• Problem requirements:
When you reach the line containing "A damaged Brothers", repeat that line and each one after it exactly until the records end, leaving out pictures.

Short descriptive text snippets:
------------------------------------------------

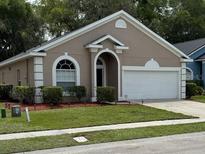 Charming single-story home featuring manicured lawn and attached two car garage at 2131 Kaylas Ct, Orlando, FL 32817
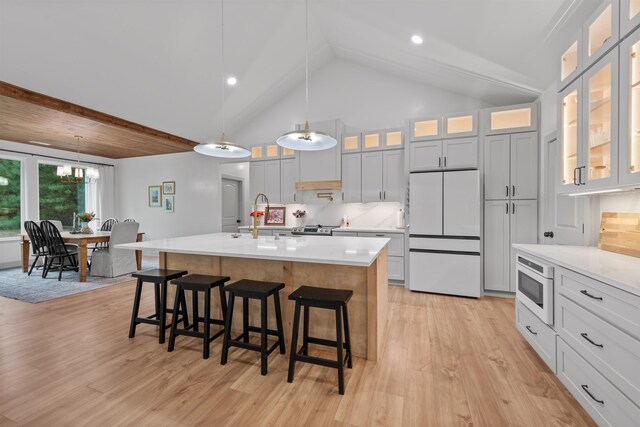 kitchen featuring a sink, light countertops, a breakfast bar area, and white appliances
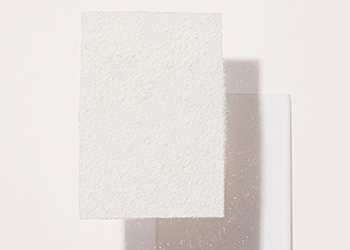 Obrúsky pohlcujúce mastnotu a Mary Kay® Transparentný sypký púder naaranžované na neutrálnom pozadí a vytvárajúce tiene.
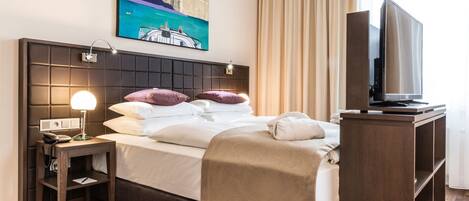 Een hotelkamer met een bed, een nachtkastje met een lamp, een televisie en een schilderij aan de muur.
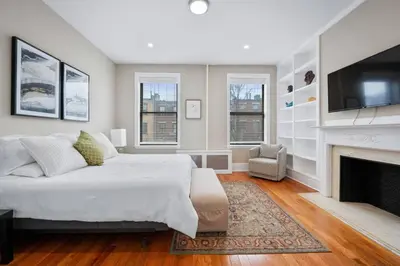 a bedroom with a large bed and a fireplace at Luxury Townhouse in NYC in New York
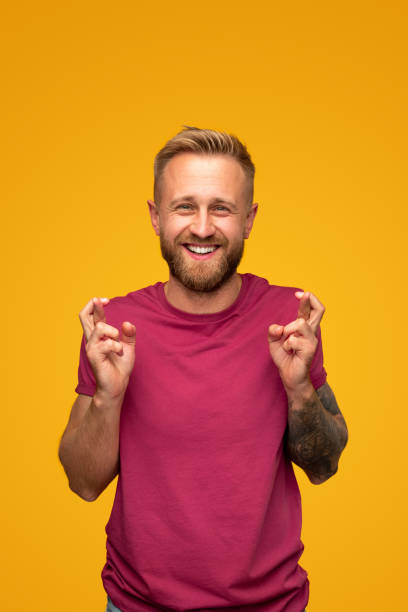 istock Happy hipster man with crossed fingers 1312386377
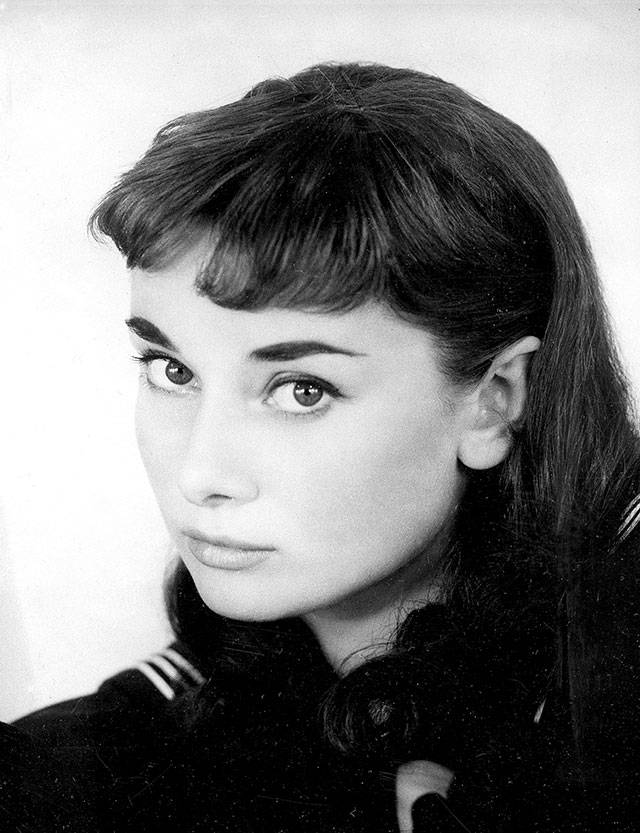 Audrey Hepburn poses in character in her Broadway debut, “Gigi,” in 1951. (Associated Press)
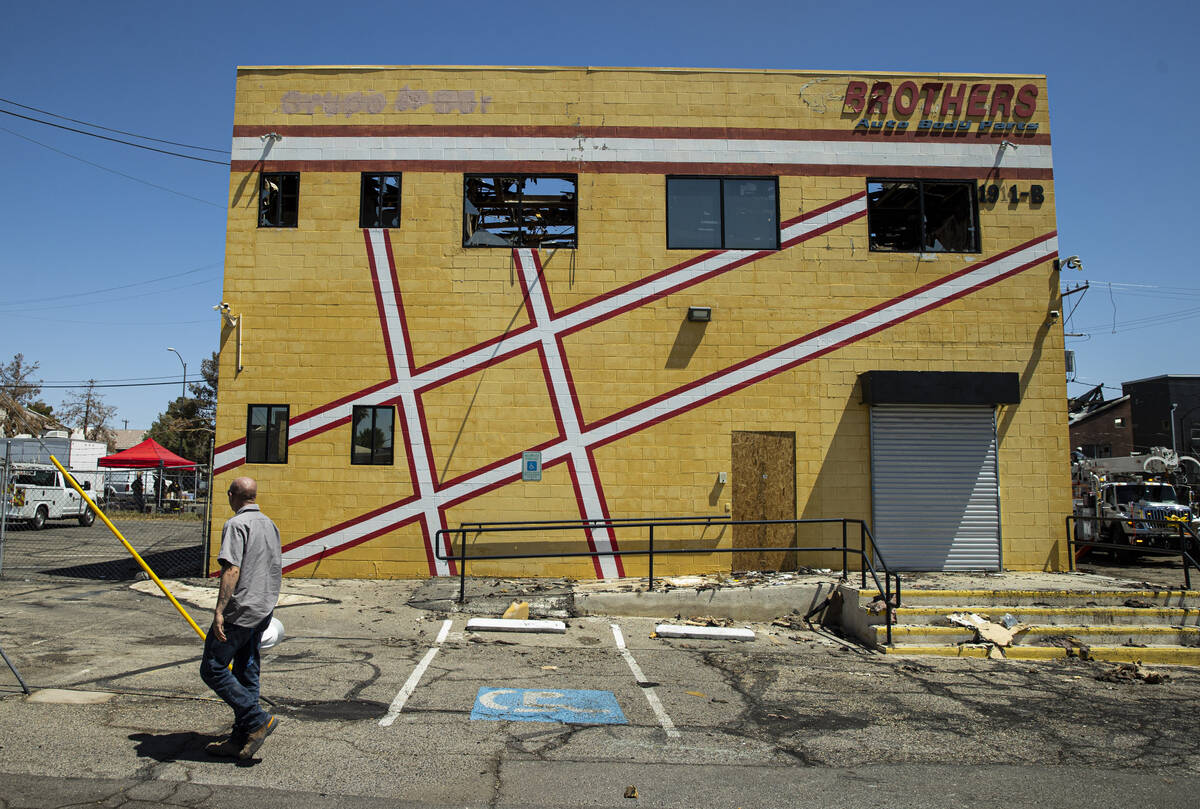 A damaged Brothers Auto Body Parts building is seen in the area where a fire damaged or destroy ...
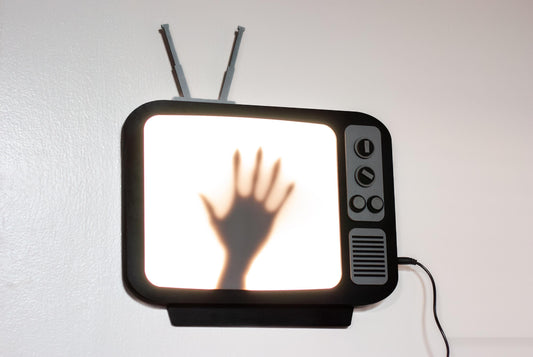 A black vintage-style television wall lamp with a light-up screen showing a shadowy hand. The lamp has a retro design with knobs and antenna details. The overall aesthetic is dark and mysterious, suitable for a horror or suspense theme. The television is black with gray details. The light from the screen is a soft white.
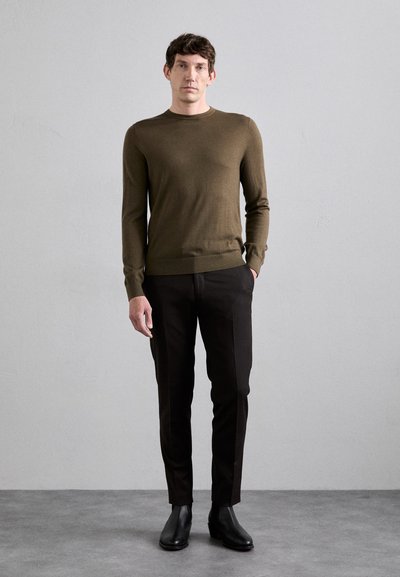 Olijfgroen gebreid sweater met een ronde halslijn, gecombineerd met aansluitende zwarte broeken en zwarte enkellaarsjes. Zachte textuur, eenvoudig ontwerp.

------------------------------------------------

• Result of this exercise:
 A damaged Brothers Auto Body Parts building is seen in the area where a fire damaged or destroy ...
 A black vintage-style television wall lamp with a light-up screen showing a shadowy hand. The lamp has a retro design with knobs and antenna details. The overall aesthetic is dark and mysterious, suitable for a horror or suspense theme. The television is black with gray details. The light from the screen is a soft white.
 Olijfgroen gebreid sweater met een ronde halslijn, gecombineerd met aansluitende zwarte broeken en zwarte enkellaarsjes. Zachte textuur, eenvoudig ontwerp.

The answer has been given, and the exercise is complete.